4-time presidential adviser, commentator David Gergen dead at 83

0

4-time presidential adviser, commentator David Gergen dead at 83

4-time presidential adviser, commentator David Gergen dead at 83

Former four-time presidential adviser and longtime political commentator David Gergen died on Thursday from complications caused by Lew body dementia.
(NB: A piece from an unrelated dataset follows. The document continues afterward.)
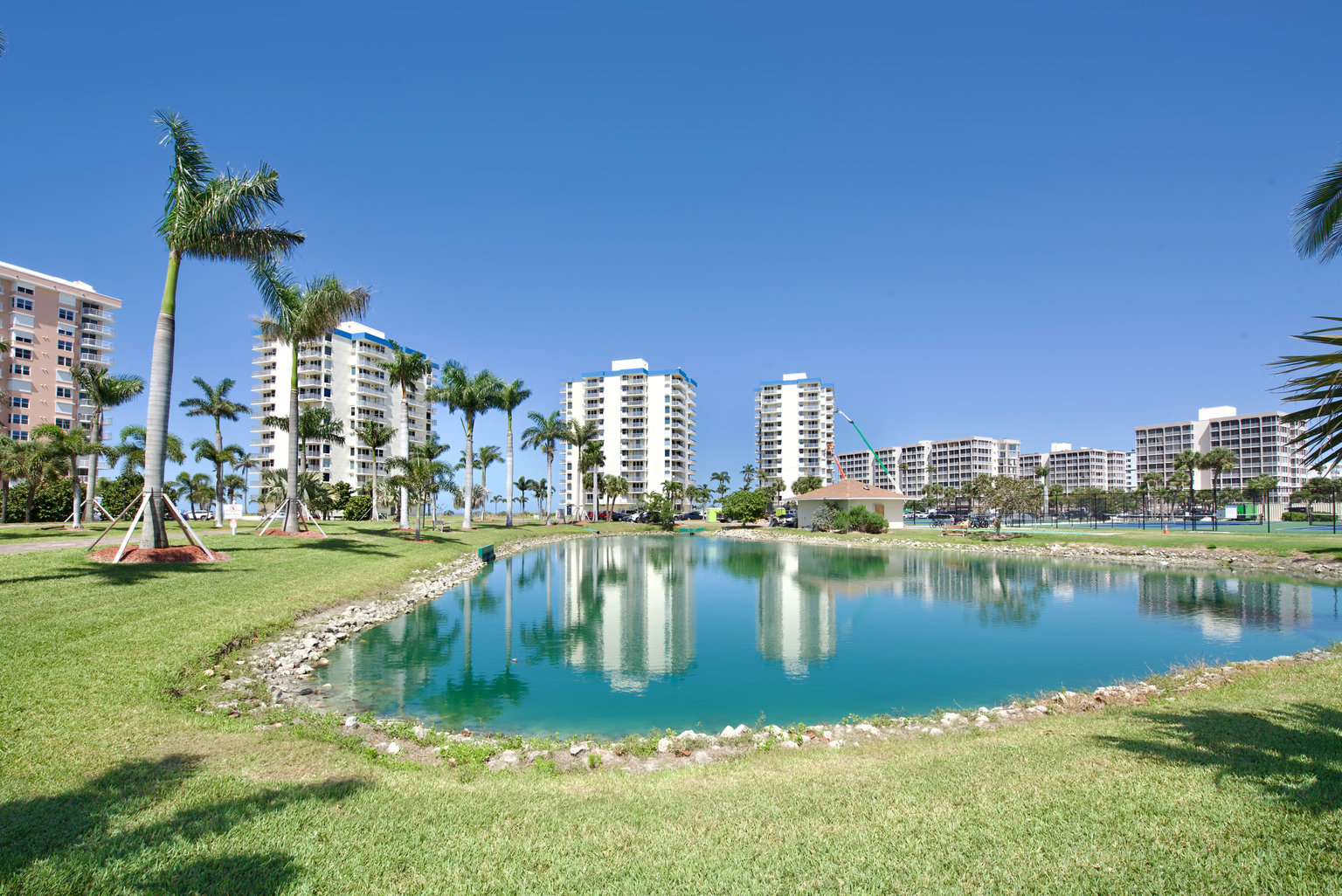 Fort Myers Beach Vacation Rental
Image courtesy of UPI

Former presidential adviser and political commentator David Gergen died at age 83 from complications caused by Lewy body dementia on Thursday.
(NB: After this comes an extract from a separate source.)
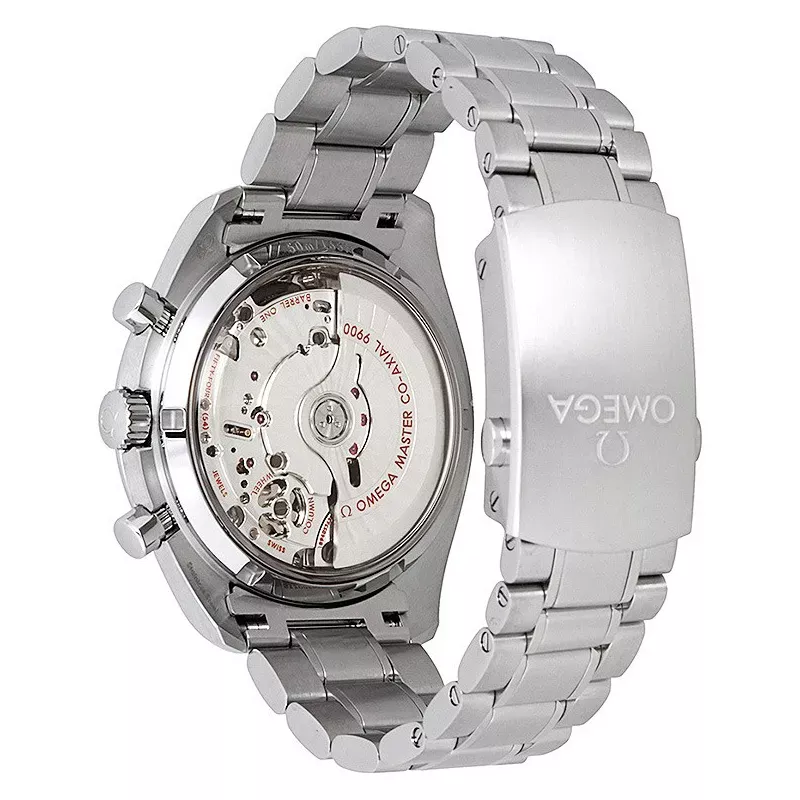 Наручные часы  Omega 329.30.44.51.04.001 Speedmaster Фото 2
His son, Christopher Gergen, confirmed his father died Thursday at his residence in a retirement home in Lexington, Mass., The New York Times reported.
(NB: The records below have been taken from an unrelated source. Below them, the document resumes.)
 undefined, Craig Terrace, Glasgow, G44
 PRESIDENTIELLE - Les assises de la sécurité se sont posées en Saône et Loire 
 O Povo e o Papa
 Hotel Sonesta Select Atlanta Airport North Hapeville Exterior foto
Gergen was a speechwriter and communications strategist for Presidents Richard Nixon, Gerald Ford, Ronald Reagan and Bill Clinton.

While working with Reagan during his 1980 presidential campaign versus former President Jimmy Carter, Gergen suggested Reagan ask voters the rhetorical question: “Are you better off than you were four years ago?”

“Rhetorical questions have great power,” Gergen said years later, as reported by The New York Times.

“It’s one of those things that you sometimes strike gold,” Gergen continued. “When you’re out there panhandling in the river, occasionally, you get a gold nugget.”

He also was a political analyst for CNN and the founding director of the Center for Public Leadership at the Harvard Kennedy School.

Gergen was a “political scholar who served four presidents of both parties, an adoring father and dedicated husband, a senior statesman in every sense of the word, and a tireless educator,” a CNN spokesperson said.

“But above all else, David was a relentlessly kind and warm person,” the unnamed spokesperson said. “Our staff, contributors and audiences are better informed because of his towering influence.”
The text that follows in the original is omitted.